Dua Pakar Hukum UGM Ini Minta MK Batalkan Putusan No.90/PUU-XXI/2023
Utama

Dua Pakar Hukum UGM Ini Minta MK Batalkan Putusan No.90/PUU-XXI/2023

Pemohon meminta MK mengadili dan memutus perkara dengan menggunakan pendekatan hukum progresif. Sebab, konsep hukum yang terlalu positivistik dinilai tidak mampu mewujudkan keadilan substantif. Pemohon juga meminta MK memerintahkan KPU mencoret Paslon Prabowo-Gibran atau mencari calon pengganti.

Ady Thea DA
Bacaan 3 Menit

“Oleh karenanya, perkara ini diajukan untuk meluruskan kembali isu-isu konstitusional guna menyelamatkan demokrasi Indonesia,” demikian bunyi sebagian pokok permohonan uji formil Pasal 169 huruf q UU Pemilu yang dimohonkan Denny dan Zaenal sebagaimana dikutip dari laman mkri.id, Kamis (11/1/2024).

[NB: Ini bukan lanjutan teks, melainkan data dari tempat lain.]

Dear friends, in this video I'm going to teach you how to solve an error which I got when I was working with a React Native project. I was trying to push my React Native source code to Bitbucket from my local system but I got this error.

Merujuk Pasal 17 ayat (5) dan (6) UU Kekuasaan Kehakiman disebutkan setiap hakim (termasuk hakim konstitusi) harus mengundurkan diri dari mengadili perkara yang melibatkan kepentingan keluarganya. Apabila tidak mengundurkan diri, putusan yang dihasilkan menjadi tidak sah (tidak memenuhi syarat formil). Putusan MK No.90/PUU-XXI/2023 ikut diputus dan diadili oleh Hakim Konstitusi Anwar Usman yang posisinya sebagai paman dari Gibran Rakabuming Raka bin Joko Widodo (Presiden RI).

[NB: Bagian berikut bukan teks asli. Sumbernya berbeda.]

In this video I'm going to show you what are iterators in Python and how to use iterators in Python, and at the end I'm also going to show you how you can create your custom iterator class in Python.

Hubungan itu terjadi karena Anwar Usman menikah dengan adik Presiden Jokowi bernama Idayati. Terbukti bahwa putusan MK tersebut digunakan Gibran untuk mendaftar sebagai Cawapres dalam Pemilu 2024. Anwar Usman seharusnya mundur dalam memeriksa perkara putusan No.90/PUU-XXI/2023. Keterlibatan Anwar Usman memutus perkara itu menjadikan putusan No.90/PUU-XXI/2023 tidak memenuhi syarat formil dan menjadi tidak sah (batal demi hukum). 

Menurut pemohon, syarat formil sebuah putusan yang diatur Pasal 17 UU Kekuasaan Kehakiman tidak hanya mengikat hakim di bawah naungan Mahkamah Agung (MA), tapi juga hakim MK. Jika menggunakan penafsiran gramatikal Pasal 17 ayat (5) UU Pemilu mengikat bagi semua jabatan hakim.

Sejatinya ketentuan itu menggunakan frasa ‘seorang hakim’ dengan huruf “h” kecil yang artinya generik berlaku untuk semua hakim. Bukan hanya ‘hakim’ atau ‘Hakim’ dengan huruf besar sebagaimana diatur Pasal 1 Ketentuan Umum angka 5 yang memang hanya dimaksudkan untuk hakim agung dan peradilan di bawahnya.

Anggota tim kuasa hukum pemohon, Muhamad Raziv Barokah, menjelaskan sidang pengujian UU Pemilu ini terakhir digelar pada 11 Desember 2023 lalu dengan agenda sidang perbaikan permohonan. Sampai saat ini belum ada pemberitahuan kapan proses sidang berikutnya. “Kami berharap perkara ini diputus secepatnya. Harapannya agenda sidang ke depan bisa langsung putusan,” kata Muhamad Raziv saat dikonfirmasi, Kamis (11/1/2024).

Sebelumnya, dalam sidang pemeriksaan pendahuluan yang digelar di gedung MK, Selasa (29/11/2023) lalu, Anggota Majelis Panel Arief Hidayat mengatakan para pemohon dapat menggunakan pendekatan hukum progresif, bukan formalistik legalistik. Ketua Majelis Panel Suhartoyo meminta pemohon menyajikan data perbandingan dengan negara lain.

“Perbandingan dengan MK di negara lain yang telah melakukan kewenangan seperti saat ini dimohonkan para pemohon,” imbuhnya.